Still, I’d say Persians are at best mid tier on closed maps (some people might probably rate them lower). On arena, for instance, early imp momentum is very important and Persians have no go-to unit for this, making them rather hard to play. So it’s even more important to react to what your opponent does compared to other civs. If you surivive early imp and are fortunate enough to not be up against a civ like teutons, ethopians or celts, the civ is decent and you can use trashbow as part of your army (accompanied by halbs/hussar and siege).

No it’s not, it heavily favours early aggression as you put it earlier.

Then you get back to the problem of getting slaughtered, because now you have naked villagers ripe for the picking. Quickwalling is completely essential on Arabia, not knowing how to do it just inherently puts you at a huge disadvantage. Most newcomers try to ring the townbell, and well, we all know that it’s a bad idea, but it checks out with noob logic.

Not knowing how to quickwall is not like not knowing how to Castle in chess.

On open maps like Arabia, it’s an essential skill, not knowing how to do it, and not knowing how to block an enemy scout from doing it puts you at an inherent disadvantage.
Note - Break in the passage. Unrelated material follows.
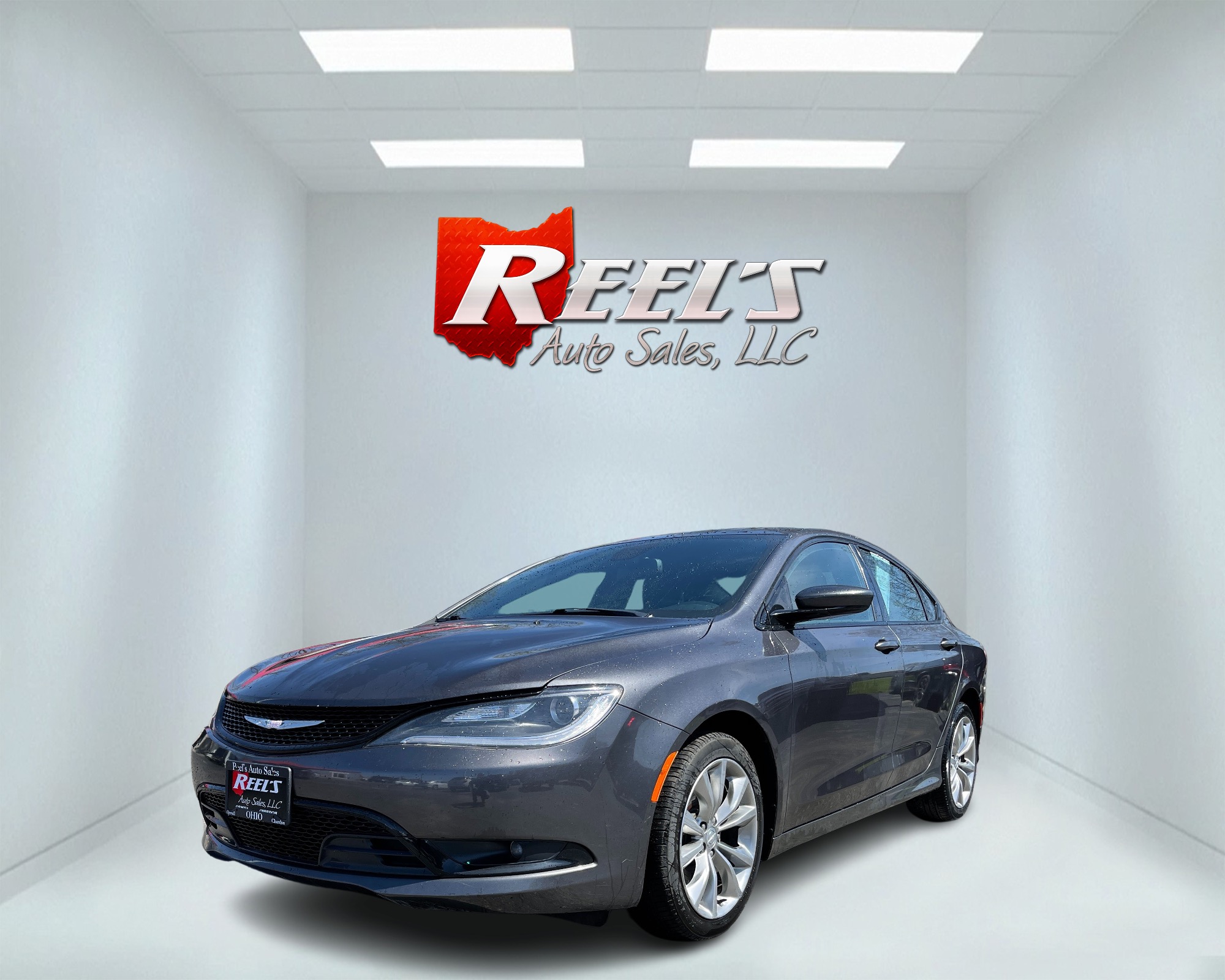 photo of 2015 Chrysler 200 S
Because you take skills for granted. For a noob, the map teaches nothing without help from a more experienced player.

Again, to emphasize, a noob will have no idea that you should quickwall your woodline and miners when the scouts/maa approach, they ring the townbell, because with noob logic, that makes sense. To them, quickwalling seems like some next level big brain move, even though it’s completely standard.

A noob most likely won’t figure out that you can steal opponent boar/sheep to delay their first attack.

A noob most likely won’t figure out that spears in feudal by themselves are only moderately effective at countering scouts, because in order to actually try and trap the scouts, you need to start deploying the pallisade gates. Etc.

its the most balanced map for learning though - because you can learn fast castle builds. and you can learn early aggression builds.
you don’t learn how to deal with or how to deal early aggression on Black Forest or arena do you?

yes that’s why laming is frequently banned in tournaments - because laming is essential.

are they going to learn how to handle early aggression, scouting, etc on Black Forest or Arena? no.

quickwalling is NOT standard by any stretch of the imagination. maybe at 1600+ but thats the top 10%. a new player does not need to know how to quick wall.

again for like the 5th time: pro tournaments =/= casual play

I don’t know. I do it very frequently, because I’m not a huge fan of getting my vills sniped by a few feudal age units, each to their own I guess. And because I do quickwalling so frequently, I try my best to teach it to noobs because at least on my elo it’s absolutely needed skill.

and how often do you actually see laming in casual play? i don’t see it much at all.

that is why you wall in advance and don’t leave it up to quick walling.